Activity ->
Word for word, please restate the line containing "NE license plate XPX143" and all the lines that follow it to the end of the data.

Input data ->
******
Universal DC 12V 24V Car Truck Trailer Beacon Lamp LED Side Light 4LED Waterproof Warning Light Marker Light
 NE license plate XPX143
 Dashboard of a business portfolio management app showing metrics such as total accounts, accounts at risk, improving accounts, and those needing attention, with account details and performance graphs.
******
Solution for this problem ->
 NE license plate XPX143
 Dashboard of a business portfolio management app showing metrics such as total accounts, accounts at risk, improving accounts, and those needing attention, with account details and performance graphs.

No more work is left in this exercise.